Problem statement:
After locating the line that contains "Weidmüller 2469410000 A2T" in the material below, copy that line and each one following it, exactly, up to the last line. Pictures stay out.
>>
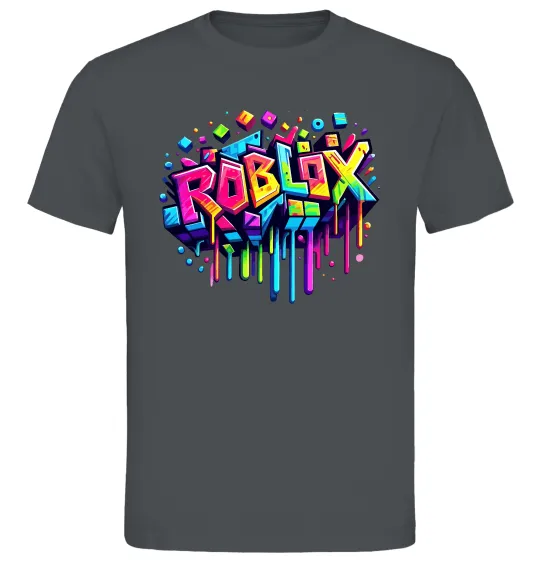 Чоловіча футболка Roblox grafity Графіт фото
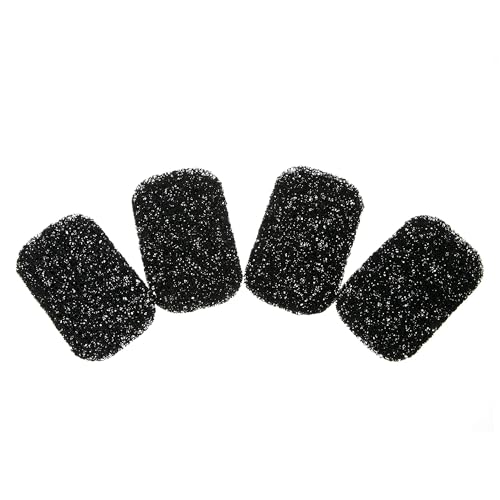 Snowkingdom 4 Pack Black Soap Saver Draining Lift Pad 2.9" x 4.5" PVC Non-BPA Non-Slip Durable - color: Black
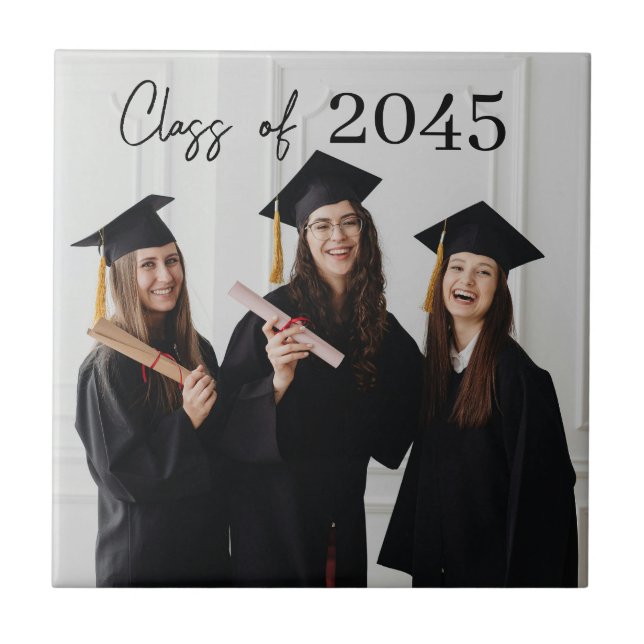 Custom Graduation Farewell Gift Photo Fliese (Vorderseite)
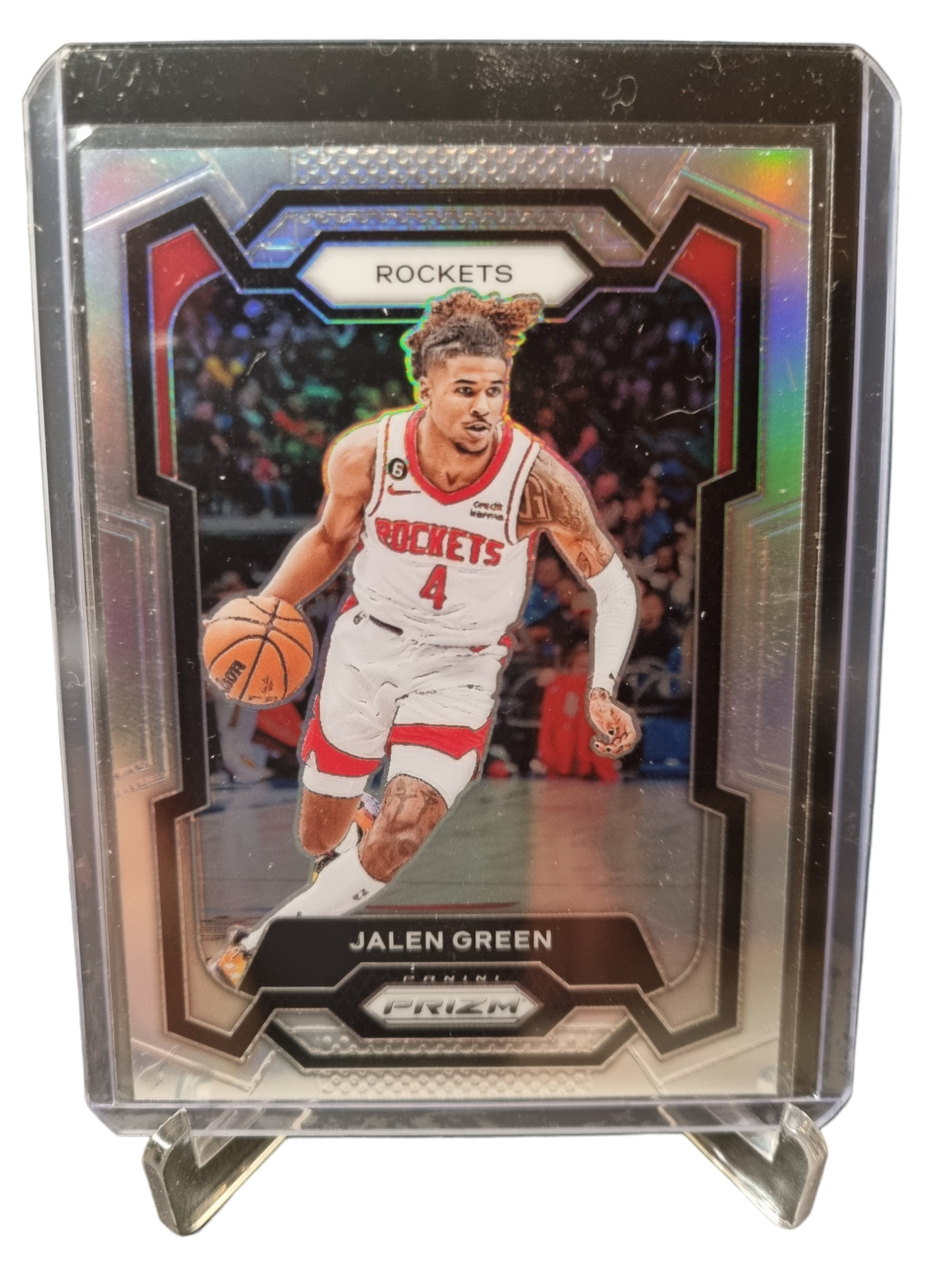 2023-24 Panini Prizm #29 Jalen Green Silver Prizm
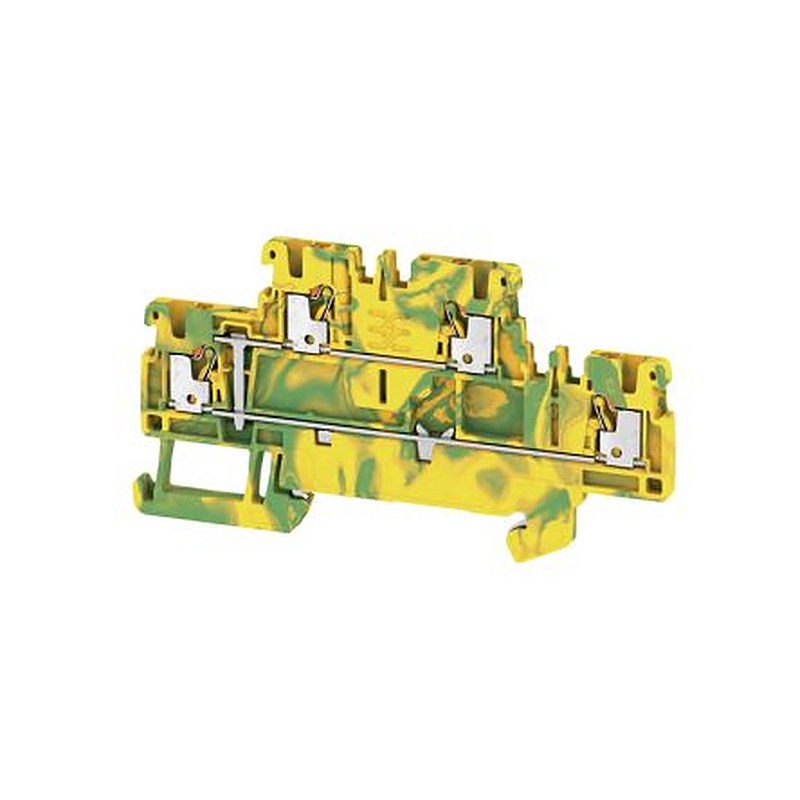 Weidmüller 2469410000 A2T Series Multi Level Terminal Block Dark Beige, 1.5mm², 2-Level, Push-in, ATEX, IECEx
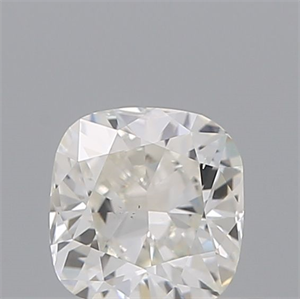Foto Diamante Natural 0.40 quilates, Del cojín , Color H, claridad SI1 y certificado GIA de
<<
Completed exercise:
 Weidmüller 2469410000 A2T Series Multi Level Terminal Block Dark Beige, 1.5mm², 2-Level, Push-in, ATEX, IECEx
Foto Diamante Natural 0.40 quilates, Del cojín , Color H, claridad SI1 y certificado GIA de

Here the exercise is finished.